From the first line to the last, restate the material word for word, omitting pictures.
#### Records for this task
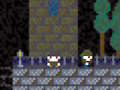 Lojë Super Jack Ripper  në internet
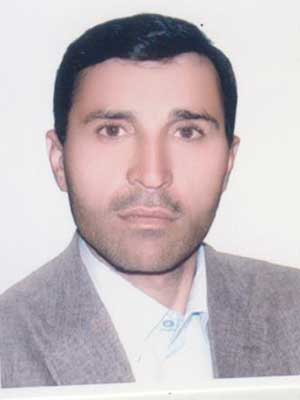 تصویر پروفایل منصور ملکی - قراردادها و دعاوی عمومی مدنی در بیله سوار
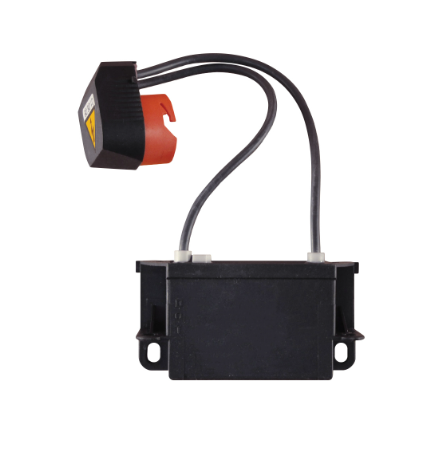 E46/W203 Xenon Replacement Ballast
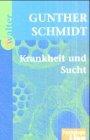 Krankheit und Sucht, 1 Cassette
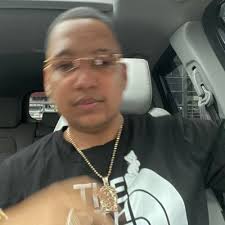 Alberto Marte (@mvpdavid17)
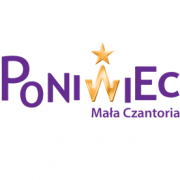 Poniwiec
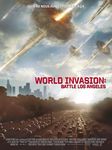 World_Invasion_Battle_LA_Affiche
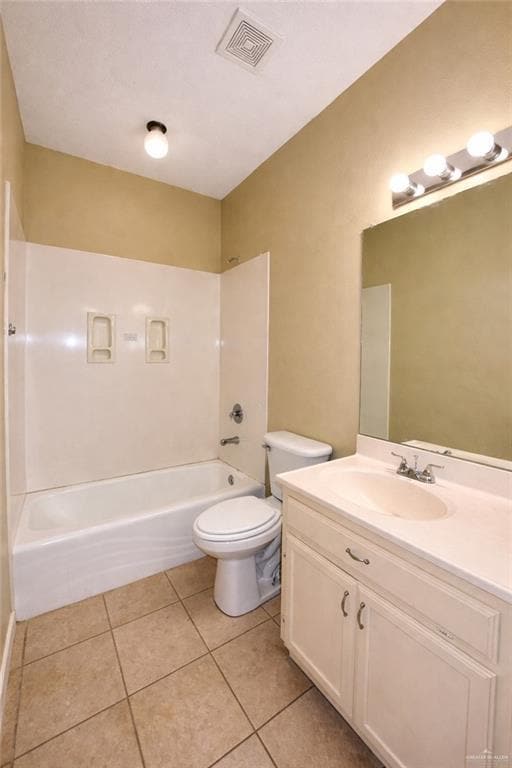 Building Photo - 3802 Clavel St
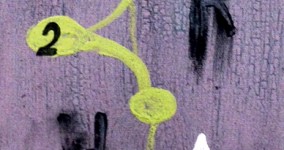 Drunk, 2013  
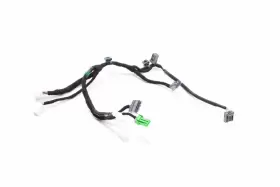 32118tyaa102a Acura Mdx Center Console Wire Wiring Harness Oem 2022 - 2024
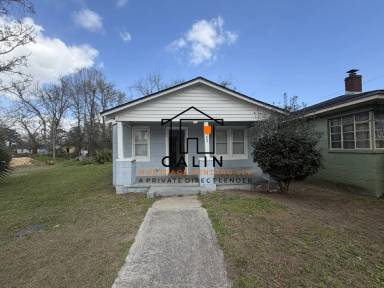 Main picture of 1402 Comer St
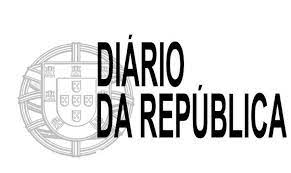 Sabia que o diário da república está à distância de um click? Covid 19 Medidas Extraordinarias Do Governo Publicadas Em Diario Da Republica Jornal De Abrantes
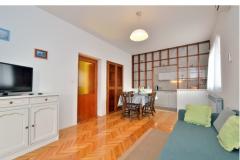 Apartments Zoric Apartment 2 foto 4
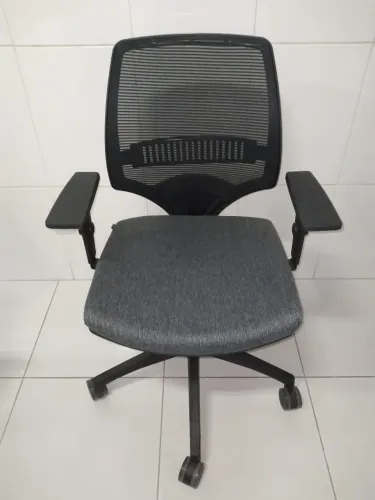 Cadeira de Escritório Marelli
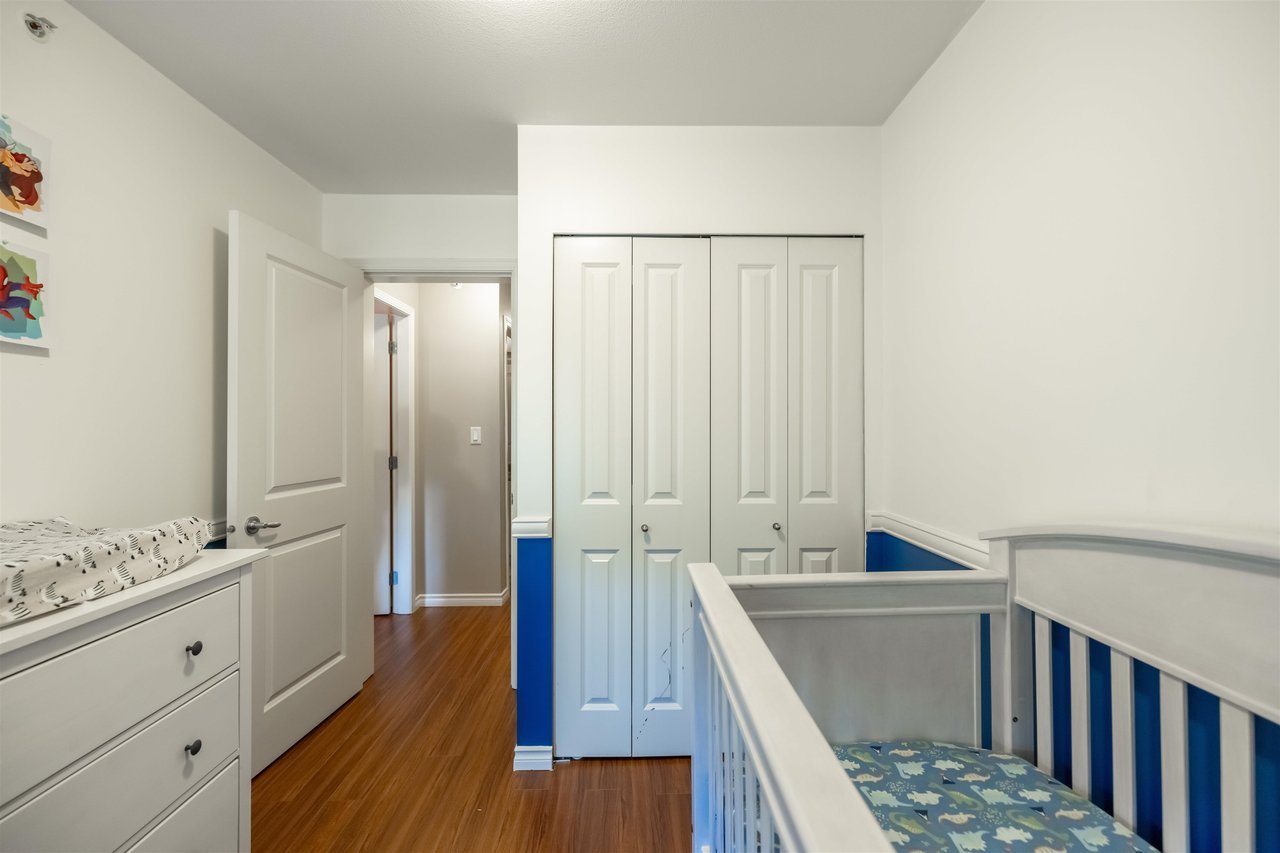 54-21535 88 Ave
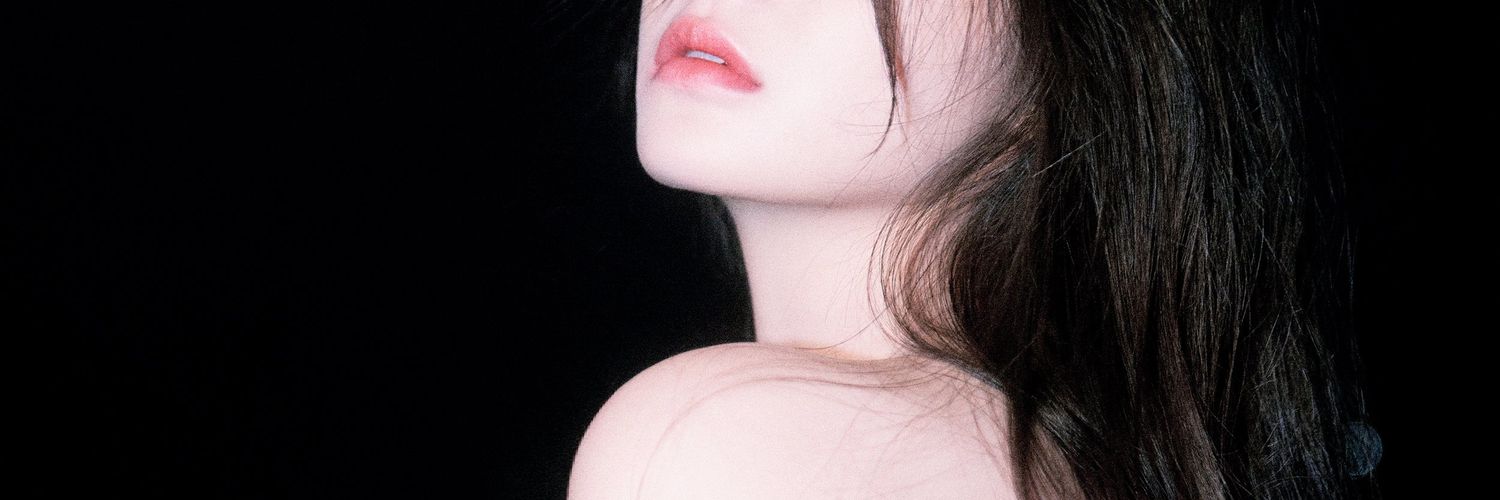 hipinkys's profile banner image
########
* Answer space:
 Lojë Super Jack Ripper  në internet
 تصویر پروفایل منصور ملکی - قراردادها و دعاوی عمومی مدنی در بیله سوار
 E46/W203 Xenon Replacement Ballast
 Krankheit und Sucht, 1 Cassette
 Alberto Marte (@mvpdavid17)
 Poniwiec
 World_Invasion_Battle_LA_Affiche
 Building Photo - 3802 Clavel St
 Drunk, 2013  
 32118tyaa102a Acura Mdx Center Console Wire Wiring Harness Oem 2022 - 2024
 Main picture of 1402 Comer St
 Sabia que o diário da república está à distância de um click? Covid 19 Medidas Extraordinarias Do Governo Publicadas Em Diario Da Republica Jornal De Abrantes
 Apartments Zoric Apartment 2 foto 4
 Cadeira de Escritório Marelli
 54-21535 88 Ave
 hipinkys's profile banner image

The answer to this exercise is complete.